■ Your objective: Begin at the line below that holds "HP Omen Transcend" and end at the line that holds "Marion Anderson (With Piano)", transcribing each line exactly and skipping any picture.

■ Data section:
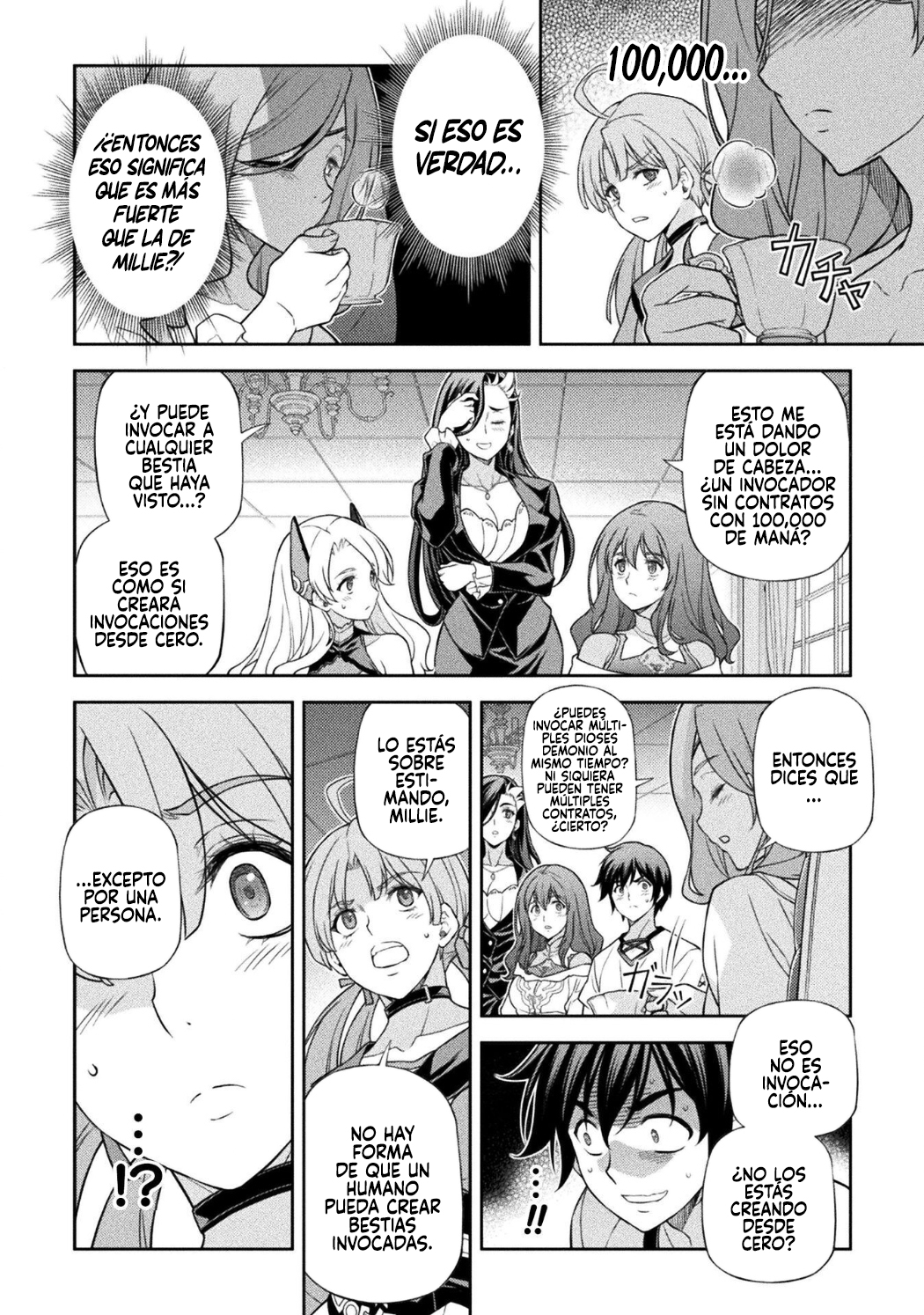 Read Drawing Saikyou Mangaka wa Oekaki Skill de Isekai Musou Suru ES Manga Online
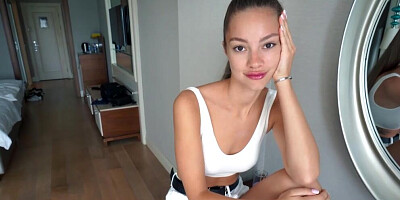 LifeSelector: SolaZola dirty slut wants to offload your ballsack before your date on PornHD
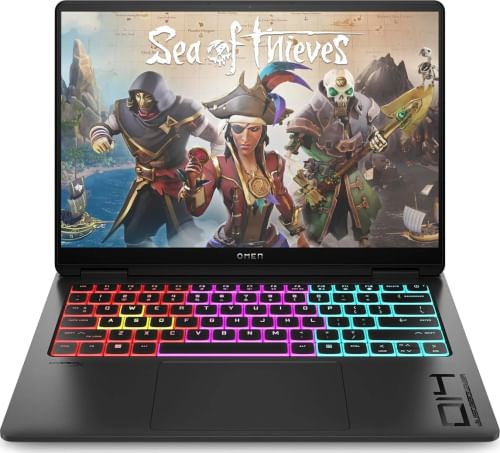 HP Omen Transcend 14-fb0000ca Gaming Laptop (Intel Core Ultra 9 185H/ 32GB/ 1TB SSD/ Win11 Home/ 8GB Graph)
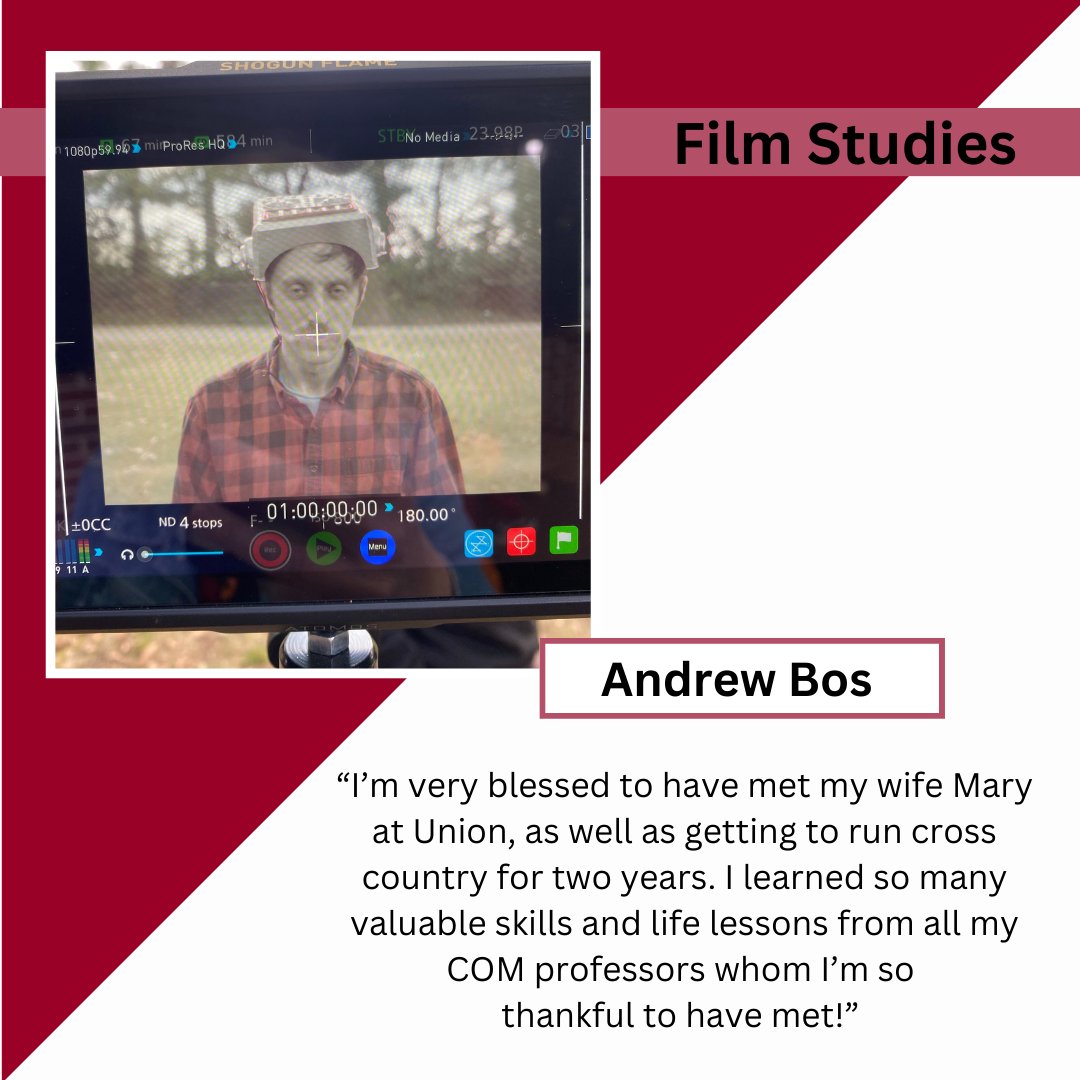 _COMUnion's tweet image. Congrats to our December COMUnion film and theatre graduates!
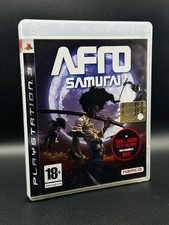 🎮 Afro Samurai -  PS3 -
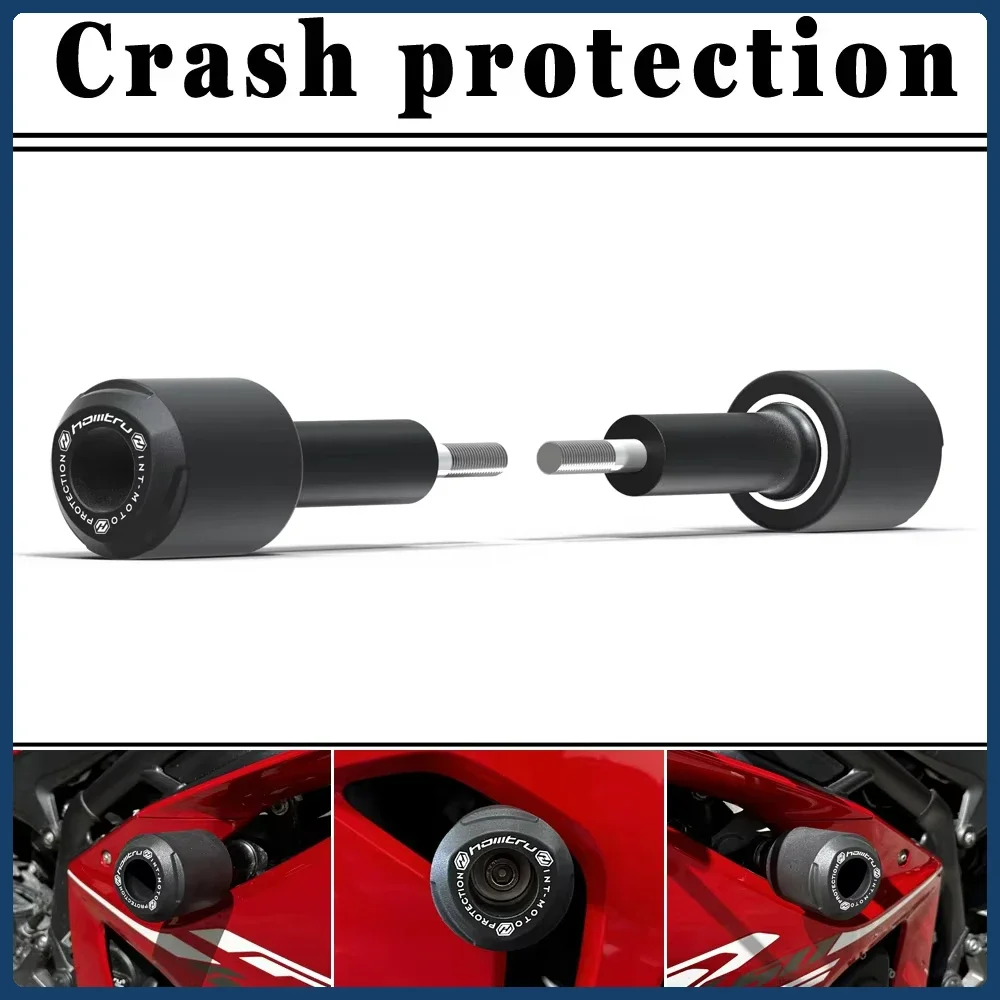For Tiger 1200 GT / 1200 GT Pro / 1200 Rally 2020-2023 Crash Protection Bobbins
For Tiger 1200 GT / 1200 GT Pro / 1200 Rally 2020-2023 Crash Protection Bobbins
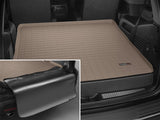 WeatherTech 2021+ Chevrolet TrailBlazer Cargo With Bumper Protector - Cocoa - 431369SK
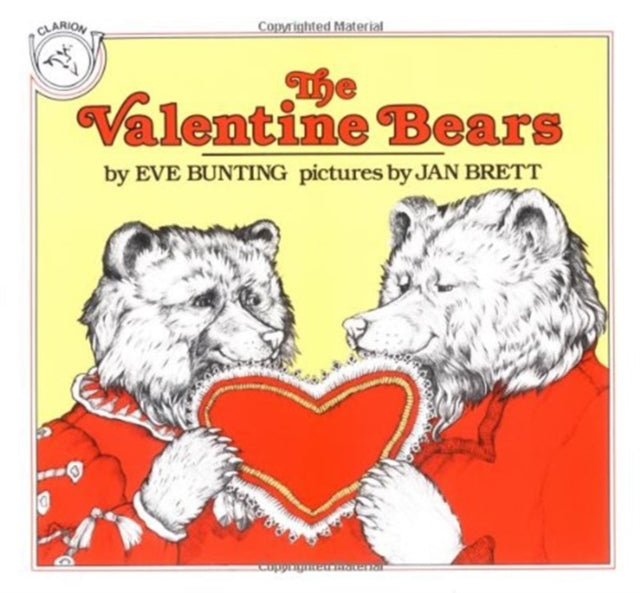 Valentine Bears Clarion Books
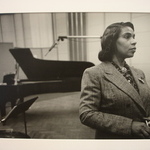 Marion Anderson (With Piano)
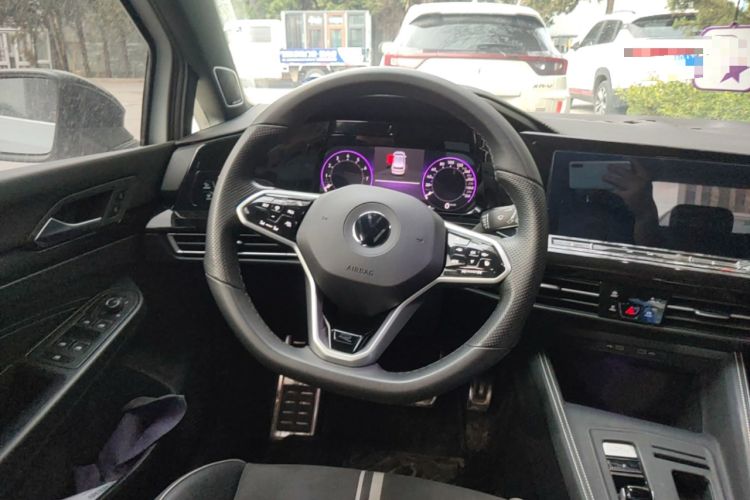 Used Volkswagen Golf 2023 Facelift 280TSI DSG R-Line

■ Exercise solution:
 HP Omen Transcend 14-fb0000ca Gaming Laptop (Intel Core Ultra 9 185H/ 32GB/ 1TB SSD/ Win11 Home/ 8GB Graph)
 _COMUnion's tweet image. Congrats to our December COMUnion film and theatre graduates!
 🎮 Afro Samurai -  PS3 -
For Tiger 1200 GT / 1200 GT Pro / 1200 Rally 2020-2023 Crash Protection Bobbins
For Tiger 1200 GT / 1200 GT Pro / 1200 Rally 2020-2023 Crash Protection Bobbins
 WeatherTech 2021+ Chevrolet TrailBlazer Cargo With Bumper Protector - Cocoa - 431369SK
 Valentine Bears Clarion Books
 Marion Anderson (With Piano)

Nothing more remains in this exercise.